The album has been described as showing that Mitsuda was "well ahead of the curve" when he composed the Chrono Trigger soundtrack. IGN described "Chrono Trigger ~Orchestra Version~" as having a heavy 1970's influence and as being "a testament to Mitsuda's compositional skills", while calling "Chrono Trigger Medley ~Orchestra Version~" "playfully romantic" with "a fairy tale element" in the beginning of the piece that later transforms into "an entirely more grandiose arena". Patrick Gann described the soundtrack as "awesome" and said that "Kameoka is really good at orchestral arrangement". His primary complaint was the length of the album, as he wished it had been a full album instead of a "mini-album" of only two tracks.

| No. | Title | Length |
|---|---|---|
| 1. | "Chrono Trigger ~Orchestra Version~" (クロノ・トリガー 〜Orchestra Version〜) | 2:08 |
| 2. | "Chrono Trigger Medley ~Orchestra Version~" (クロノ・トリガーメドレー 〜Orchestra Version〜) | 4:11 |

===Chrono Trigger Original Soundtrack (2009 release)===
Chrono Trigger Original Soundtrack is a Square-Enix re-release of the Chrono Trigger Original Sound Version soundtrack that was made available for purchase on July 29, 2009. This soundtrack corresponds to the Nintendo DS version of Chrono Trigger, with different instrumentation from the original Super NES version.

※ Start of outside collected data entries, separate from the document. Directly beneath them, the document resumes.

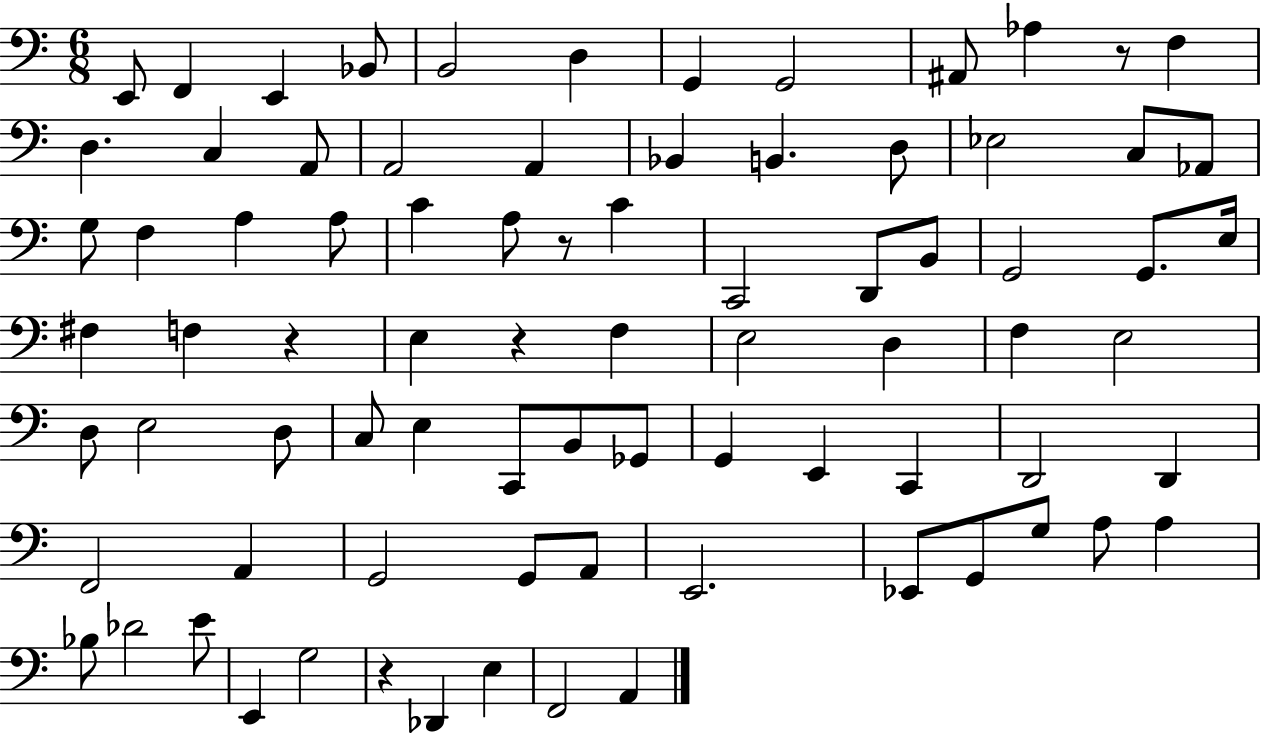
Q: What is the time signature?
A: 6/8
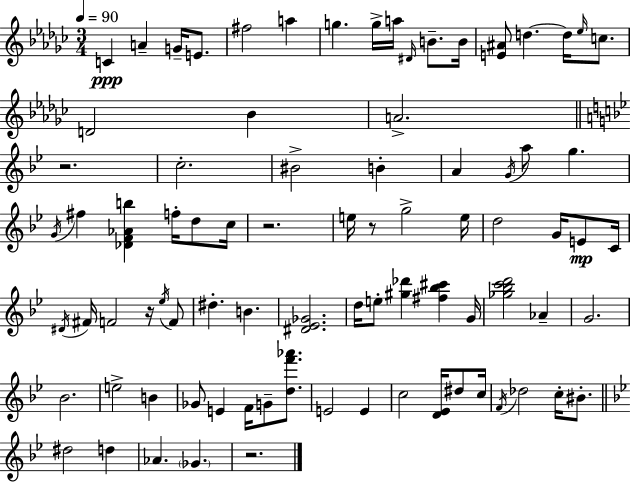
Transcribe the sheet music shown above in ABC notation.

X:1
T:Untitled
M:3/4
L:1/4
K:Ebm
C A G/4 E/2 ^f2 a g g/4 a/4 ^D/4 B/2 B/4 [E^A]/2 d d/4 _e/4 c/2 D2 _B A2 z2 c2 ^B2 B A G/4 a/2 g G/4 ^f [_DF_Ab] f/4 d/2 c/4 z2 e/4 z/2 g2 e/4 d2 G/4 E/2 C/4 ^D/4 ^F/4 F2 z/4 _e/4 F/2 ^d B [^D_E_G]2 d/4 e/2 [^g_d'] [^f_b^c'] G/4 [_g_bc'd']2 _A G2 _B2 e2 B _G/2 E F/4 G/2 [df'_a']/2 E2 E c2 [D_E]/4 ^d/2 c/4 F/4 _d2 c/4 ^B/2 ^d2 d _A _G z2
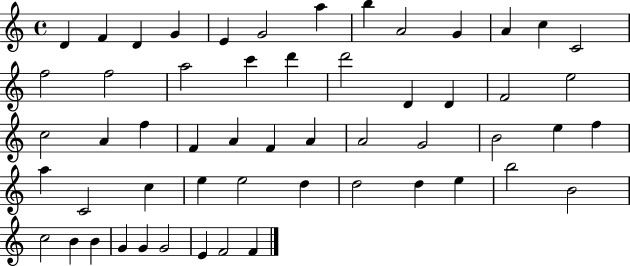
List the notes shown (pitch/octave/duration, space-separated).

D4/q F4/q D4/q G4/q E4/q G4/h A5/q B5/q A4/h G4/q A4/q C5/q C4/h F5/h F5/h A5/h C6/q D6/q D6/h D4/q D4/q F4/h E5/h C5/h A4/q F5/q F4/q A4/q F4/q A4/q A4/h G4/h B4/h E5/q F5/q A5/q C4/h C5/q E5/q E5/h D5/q D5/h D5/q E5/q B5/h B4/h C5/h B4/q B4/q G4/q G4/q G4/h E4/q F4/h F4/q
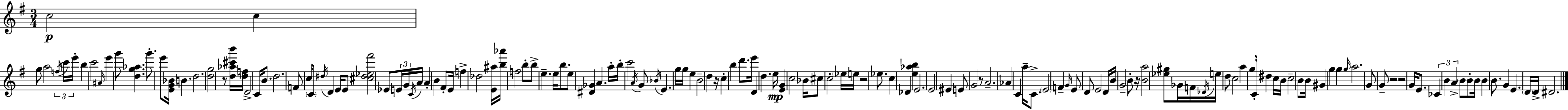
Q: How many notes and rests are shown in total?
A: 151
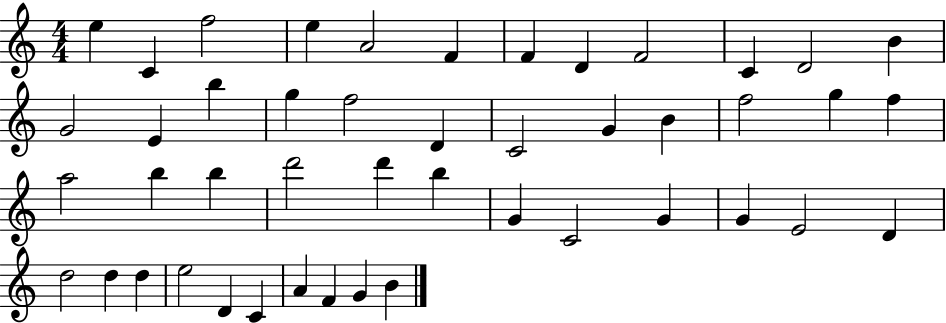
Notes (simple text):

E5/q C4/q F5/h E5/q A4/h F4/q F4/q D4/q F4/h C4/q D4/h B4/q G4/h E4/q B5/q G5/q F5/h D4/q C4/h G4/q B4/q F5/h G5/q F5/q A5/h B5/q B5/q D6/h D6/q B5/q G4/q C4/h G4/q G4/q E4/h D4/q D5/h D5/q D5/q E5/h D4/q C4/q A4/q F4/q G4/q B4/q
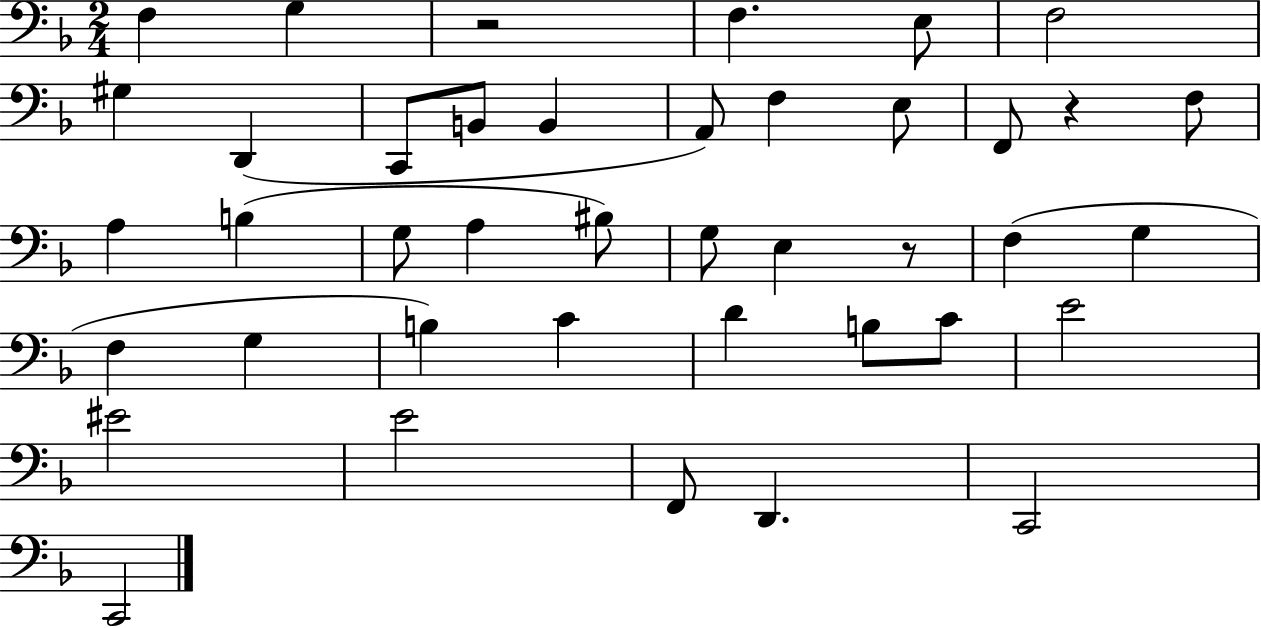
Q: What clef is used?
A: bass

The 3-disc soundtrack contains additional tracks from the PlayStation version of the game, some of which were included in the 1999 Chrono Trigger Original Soundtrack album, as well as a bonus DVD containing an interview with Mitsuda and music videos for the two tracks that were on the Orchestra Extra mini-album.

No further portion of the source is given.